Daily Algorithm Practice: Big O, VI.11

 Yeah, I'm redoing this one because last time got messy. 

So. I got STUCK on this one. I kept staring at it and the solution, trying to understand it, and I just couldn't figure out why it was O(kc^k). So, I took a look at this StackOverflow explanation.

I was still confused but finally got it after a lot of rereading and deliberation. Or at least, I think I get it, and I will do my best to explain it here. 

Every time you generate a character to add to the end of a string, which you do inside of that for loop inside of printSortedStrings(), you have c possible characters that could be the next letter. c being the number of characters in the given alphabet. Since the strings are of length k, this happens k times. c is multiplied by itself k times. Thus, c^k. This can be verified by writing out very small strings and counting out each possible option -- the math checks out. 

c^k, then, represents how many strings we are working with, at a minimum, to check if they are sorted. We check whether or not they're sorted just before unwinding from each branch of recursion, when the whole string has been built, so for each of the c^k number of strings. Checking if they're sorted relies on the isInOrder() function, which is called for every single string and is O(k) on its own. 

As a result, the complexity of this entire thing is O(kc^k). 

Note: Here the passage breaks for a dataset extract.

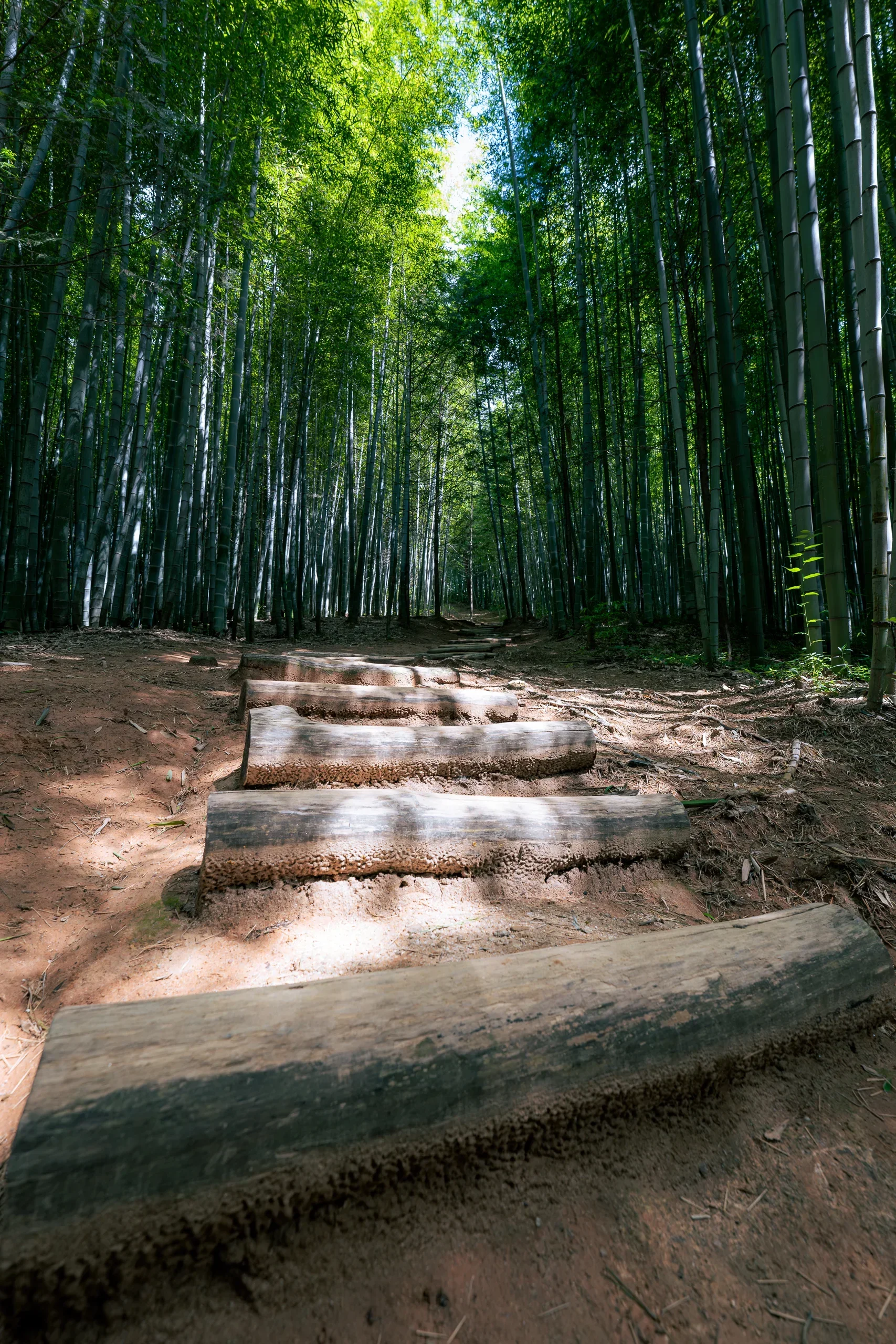 Damyang Bamboo Forest1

That one was tricky. Took me a couple of days of deliberation and getting stuck, and I'll probably have to revisit it again later. The first solution was helpful but it also assumed that we were using Java, which meant it got super technical about the second part of the analysis -- While this looks like Java code, that was never explicitly stated, so I figure we can just go with the high-level analysis. The valuable part is the c^k part which was quite confusing for me at first.